WAFATNYA MARWAN BIN HAKAM DAN PENUNJUKAN KHALIFAH
Marawan bin Hakam meninggal pada tanggal 3 Ramadhan 65 H dibunuh oleh istrinya, Ummu Khalid dengan dicekik ketika tidur lantaran dendam akan penghinaan yang dilakukannya terhadap Ummu Khalid dan Khalid dengan dibantu pada dayang. Ia hanya memimpin tidak genap satu tahun, hanya 9 bulan saja.
Dimasa hidupnya, pada masa kekhilafahan Ibnu Zubair, ia menunjuk anaknya Abdulmalik untuk menggantikan kekhilafahan sepeninggalannya pada tahun 65 H. dia menjadi penguasa Syam dan Mesir dalam kurun waktu tujuh tahun. Ibnu Zubair menguasai negeri-negeri lain. Tatkala kematian ayahnya, pembaiatan untuk dirinya diperbaharui di Damaskus dan Mesir, serta wilayah-wilayah di bawahnya. Kemudian ia menjadi khalifah seluruh negri setelah wafatnya Ibnu Zubair pada tahun 73 H ditangan Hajjaj bin Yusuf.
PENUTUP
Kedaulatan Dinasti Marwaniyah semakin kokoh dengan wafatnya Abdullah bin Zubair di tangan Hajjaj bin Yusuf ats Tsaqafi. Hingga terus berjalan puncak kegamilanggannya di tangan khalifah Umar bin Abdul Aziz yang mengembalikan suasana kekhilafahan ala Umar bin Khattab. Kekhilafahan ini diakhiri oleh Marwan bin Muhammad yang kala itu Bani Abasiyah sudah muncul bahkan sudah memiliki kekuatan yang luar biasa hingga mempu menggulingkan umawiyah dan membuka lembaran sejarah baru.

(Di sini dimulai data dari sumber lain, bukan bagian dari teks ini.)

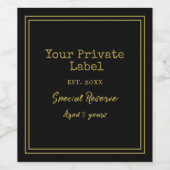 あなただけのプライベートラベル ブラック＆ゴールド スペシャルリザーブ ワインラベル (シングルラベル)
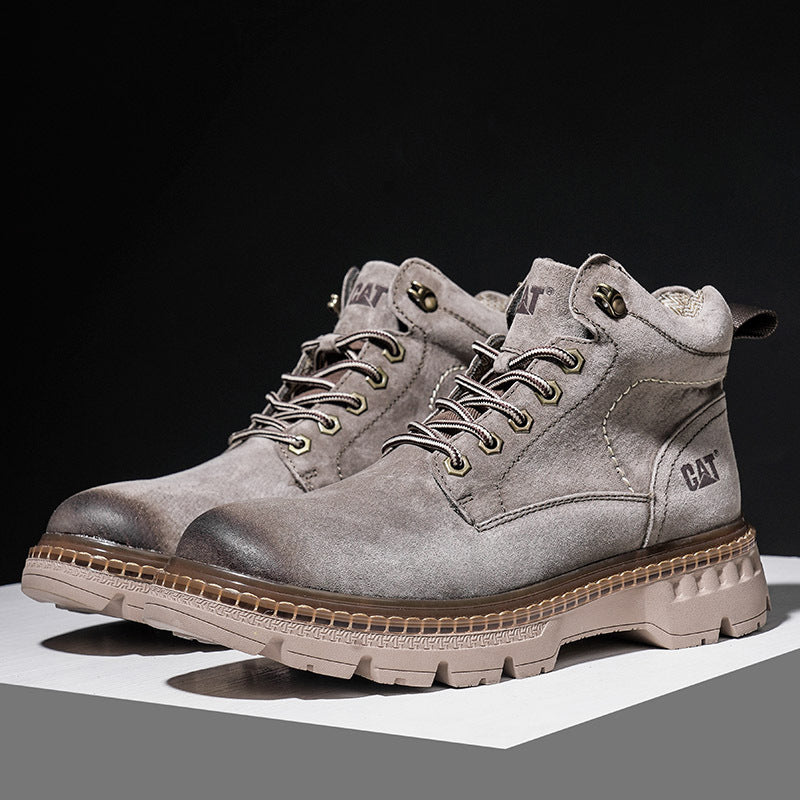 Men's Top Layer Pigskin Retro British Frosted Outer Men's Casual Shoes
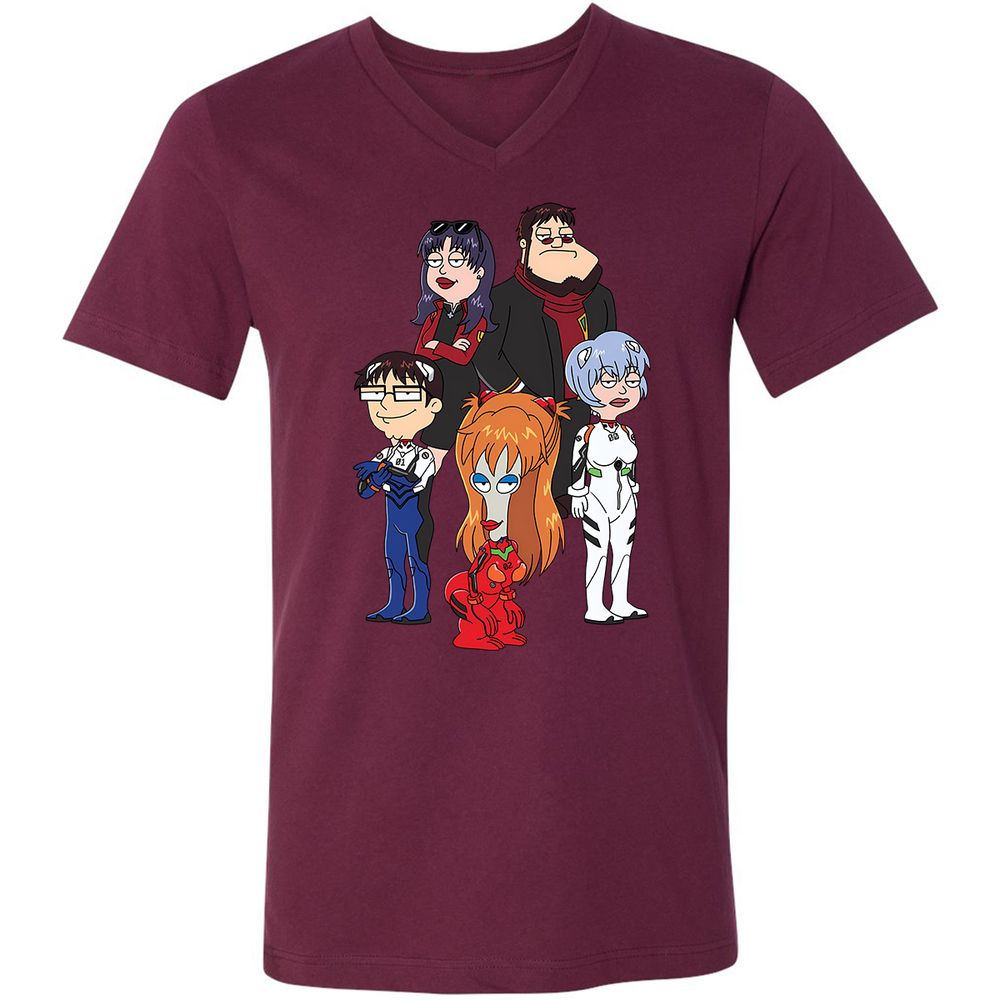 Unisex V-Neck T-Shirt - 55PGZX8X - Maroon - 6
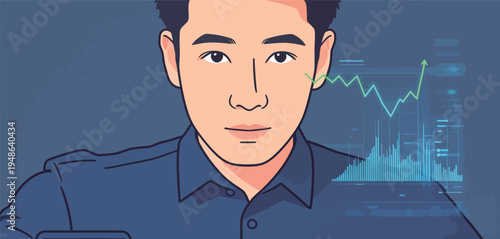 Man checks stock market on his smartphone while data displays appear in the background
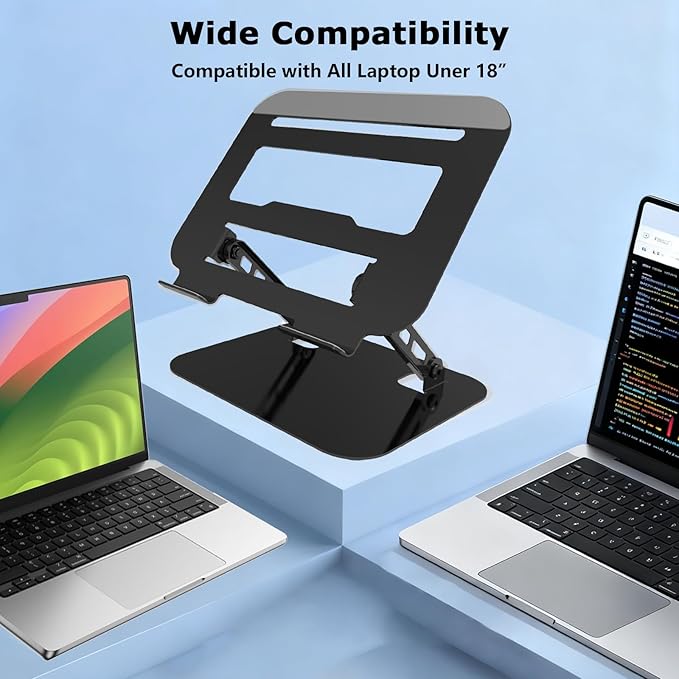 Adjustable Laptop Stand for Desk, Ultra Stable Metal Base Laptop Holder Riser, Fully Foldable for Storage and Easy to Carry, Fit for MacBook Pro/Air HP 14 All Under 16??Devices (Black)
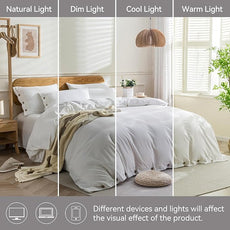 JELLYMONI Cotton Duvet Cover Full Size - Bright White Comforter Cover with Button 100% Washed Cotton 3PCS Breathable Soft Solid Bedding Set Duvet Cover 80×90in & 2 Pillowcases (NO Comforter)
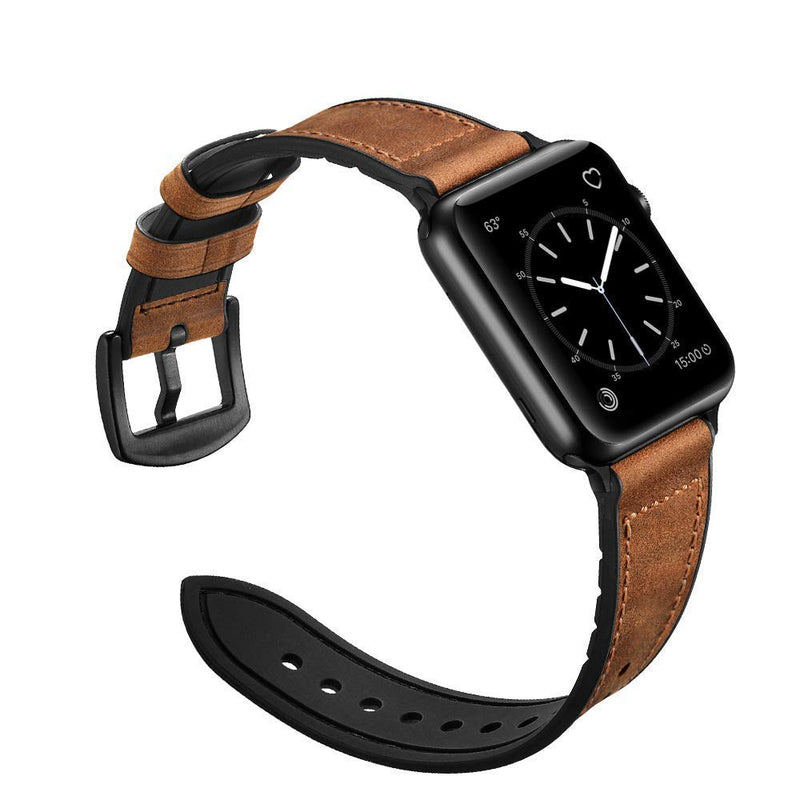 OUHENG Compatible with Apple Watch Band Sweatproof Genuine Leather and Rubber Hybrid Band 41mm 40mm 38mm Brown & Light Brown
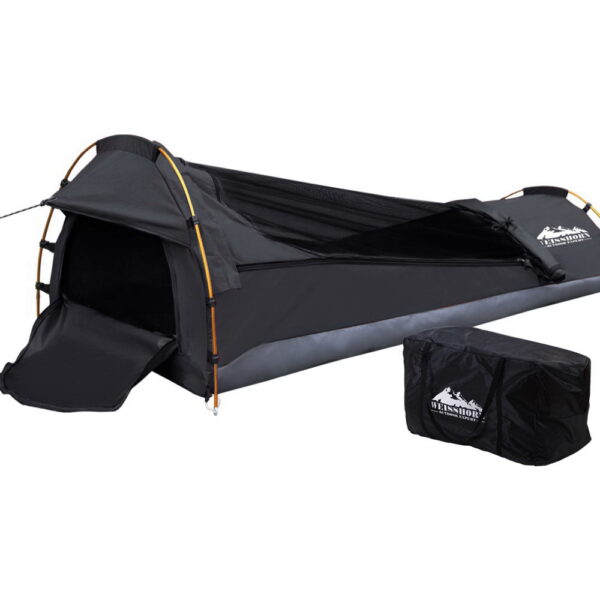 Aplusliving-Single Biker Camping Swag Grey Ripstop Canvas Waterproof with Foam Mattress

وتلك الأيام نداولها بين الناس
Benarlah firman Allah di atas, karena sesungguhnya putaran roda kehidupan tidak bisa dihindari. Mereka yang dahulu di atas, ada saatnya pula mereka akan berada di bawah begitu pula sebaliknya.
Dibalik semua kejadian ini tersimpan ibrah yang sangat luar biasa. Hanya orang-orang yang berakal yang mampu untuk mengambil hikmah dan berbenah diri. Wallahu a’lam bish shawab.